Lance Crowley dies at age 74
posted on 12/16/2014

Lance Crowley, a respected U.S. coach and club owner of Crowley's Gymnastics Center, died on Nov. 24 in Boulder City, Nev., at the age of 74.

Crowley built Crowley's Gymnastics Center in Oakdale, Minn., in 1981 and coached many gymnasts who went on to compete in collegiate gymnastics, including Jenny Hansen who competed at the University of Kentucky where she won three National Collegiate All-Around titles. Crowley put an emphasis on making sure his athletes focused on their personal development and education, as well as their gymnastics skills.

Crowley worked very closely with the United States Association of Independent Gymnastics Clubs (USAIGC), where he served as president for a number of years. This was a very important time for the development of the club industry in the USA, which today is the primary system that develops and supports the sport nationwide. As the representative of the USAIGC, he served on the Board of Directors of USA Gymnastics (then known as the U.S. Gymnastics Federation) through the 1980s-1990s.

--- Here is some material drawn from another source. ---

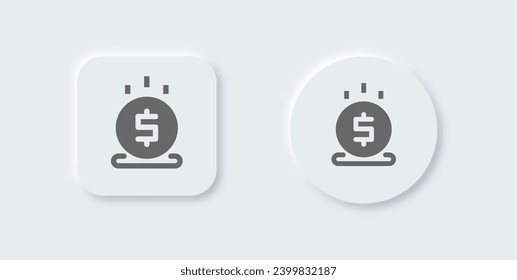 Reedem solid icon in neomorphic design style. Reward signs vector illustration.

In addition to coaching, Crowley worked very closely with Jackie Fie, who was the president of the Women's Technical Committee of the FIG, in publishing the first electronic Code of Points, first in English and then in Spanish. Eventually electronic codes were published in French, German and Russian as well. In the early 1990s, Crowley also helped develop software for computerized WTC Judges’ Test Scoring, which calculated the test results from women’s gymnastics judge’s courses on the intercontinental, international and national levels. He also created the software computer model for the WTC’s “Judges Objectivity Evaluation” program and implemented this evaluation in real time on the floor of the World Championships and the Olympic Games over a 14-year period. This program evaluated the judges’ scores compared to corresponding rankings, which helped guarantee objectivity and fairness in the judging process and in the placement of individuals and teams.

Crowley went to Hamline University and the University of Minnesota. For 36 years, he worked for 3M, a global business leader in innovation and technology. In the mid-1970s, AMF American was developing the first fiberglass uneven bar rail, and through his employment at 3M, he helped find an adhesive that would keep the wood veneer permanently attached to the glass surface. The fiberglass rail is a standard in the sport. He and his wife Jan received the University of Minnesota Hall of Fame Service Award.

He is survived by his wife, Jan Jurney Crowley, along with other family members. No services are scheduled.